Últimamente estoy un tanto rebelde, incluso más de lo que me creo ser. Últimamente, en realidad, estoy contrariada con los mismos estereotipos que suelo defender como individuo dentro de la sociedad. Sigo preguntándome si de verdad me gusta el tipo ideal que marca la sociedad y qué tan grande es mi capacidad de evadirlo, evitarlo, detestarlo. No tengo ganas de dejar la pregunta en modo retórico, así que me voy a dedicar a contestarla como tema central de este texto que tiene, ni mas ni menos, el simple objetivo de alejarme del conjunto de párrafos meramente académicos.
Me pregunto si los estereotipos son imágenes comunes colectivas o la idea de un pobre infeliz que tiró una piedra al montón, la pintó de rojo y al resto pareció gustarle. Ahora que releo la oración anterior pienso que soy malísima para los ejemplos pero me gusta pensar que alguien entendió. Vivir encarcelados y motivados por fotos que creen indicarnos lo que es correcto para después terminar frustrados un mortal Sábado a la noche con la idea de que jamás vamos a ser eso que nuestra mente imagina. Y luego reprocharnos no cumplir con las pretensiones del estereotipo al que deseamos (escribí por error deseo) pertenecer creemos que odiarnos es parte de nuestra naturaleza. Y qué tal si no lo es. Sin embargo, se cree inevitable. El odio incondicional a los estereotipos es inevitable. Tal como lo es seguir esa línea que parece arrastrarte incondicionalmente a intentar ser el tipo ideal de persona. Una fuerza superior te arrastra en busca de la idea común y a continuación de sentirse realizado emerge de uno una efervescente repulsión.
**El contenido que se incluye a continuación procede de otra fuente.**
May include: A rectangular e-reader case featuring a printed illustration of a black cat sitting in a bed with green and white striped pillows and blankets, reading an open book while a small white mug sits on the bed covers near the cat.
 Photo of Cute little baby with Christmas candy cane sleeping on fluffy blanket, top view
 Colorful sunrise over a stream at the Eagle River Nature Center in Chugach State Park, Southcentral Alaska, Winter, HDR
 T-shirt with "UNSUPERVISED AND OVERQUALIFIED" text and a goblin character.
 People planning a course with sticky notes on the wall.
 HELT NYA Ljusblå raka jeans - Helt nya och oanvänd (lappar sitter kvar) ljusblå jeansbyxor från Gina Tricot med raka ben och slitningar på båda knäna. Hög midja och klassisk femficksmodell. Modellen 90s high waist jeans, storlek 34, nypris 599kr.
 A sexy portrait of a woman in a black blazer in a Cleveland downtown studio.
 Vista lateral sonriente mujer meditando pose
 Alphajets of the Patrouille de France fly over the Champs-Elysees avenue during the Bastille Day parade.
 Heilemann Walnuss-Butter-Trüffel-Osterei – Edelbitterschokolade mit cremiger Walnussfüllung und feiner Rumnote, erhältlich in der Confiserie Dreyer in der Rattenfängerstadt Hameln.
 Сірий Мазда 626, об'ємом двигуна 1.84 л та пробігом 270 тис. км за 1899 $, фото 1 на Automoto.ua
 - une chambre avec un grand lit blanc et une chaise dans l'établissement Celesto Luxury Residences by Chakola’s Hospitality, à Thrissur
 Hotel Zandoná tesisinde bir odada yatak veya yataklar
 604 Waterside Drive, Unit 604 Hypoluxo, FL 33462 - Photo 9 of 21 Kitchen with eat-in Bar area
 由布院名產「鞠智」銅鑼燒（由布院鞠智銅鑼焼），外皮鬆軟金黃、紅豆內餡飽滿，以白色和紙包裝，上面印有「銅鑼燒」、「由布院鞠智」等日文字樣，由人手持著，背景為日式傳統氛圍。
La náusea instantánea de ser uno más del montón. Como dije antes: inevitable, insuperable.
Puede que la autosuperación del instante enfermo exista sí; aunque yo no la conozca por completo. Me gusta imaginar que la madurez se lleva consigo el propio odio. Por otro lado, estoy segura, estoy segura de que seré siempre una mente ignorante; la única sustancia que jamás se desprende de mi es mi inmadurez.